Multi-pass tensorization allows for unrolling of tensor loops in the K-dimension as shown in the examples below. Fusion of passes allows for better control of registers required for input data (A/B). For example, if the total number of passes to be executed is 8 and number of fused passes is 2, this means there are 4 pass groups of 2 fused passes each. This generates code which does the following 4 times (once per pass group): - Allocate registers for input data required for 2 passes - Load input data for 2 passes - Compute matmul for 2 passes - Store result for 2 passes

In effect, increasing the number of fused passes leads to increased register usage for input data and more densely packed memory I/O and compute instructions. Similarly, reducing the number of fused passes implies less register pressure and more interleaving among the memory I/O and the compute instructions. The number of passes to be fused can be controlled by setting the num_fused_passes parameter in the plan.tensorize function call.

Full Pass Fusion

We are going to change the call to compute_tensor_splits to pass the num_total_passes argument and also set it on the plan.tensorize call.
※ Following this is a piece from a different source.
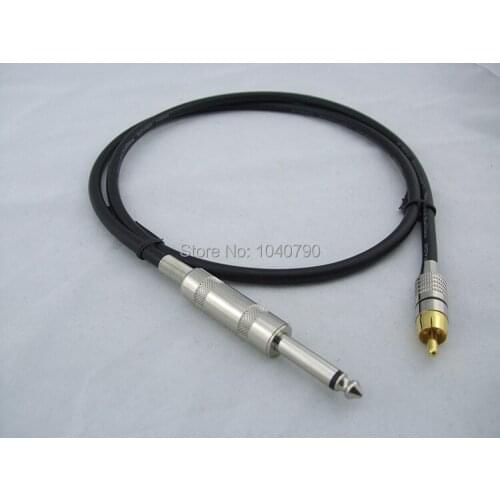 Gold plated 6.5/6.35/6.3 to Lotus flower head Power amplifier line Connecting line Audio and video cables 3M 9.6ft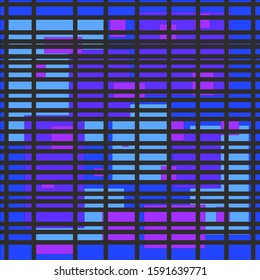 Behind the thick lattice structure are colored rectangles.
Not setting the num_fused_passes argument on the plan.tensorize leaves it in its default setting which is to fuse all the passes:

num_passes = 8
tensor_splits = target.tensor_core_info.compute_tensor_splits(mma_shape, num_passes)
...
plan.tensorize(indices=tensor_indices, mma_shape=mma_shape, num_total_passes=num_passes)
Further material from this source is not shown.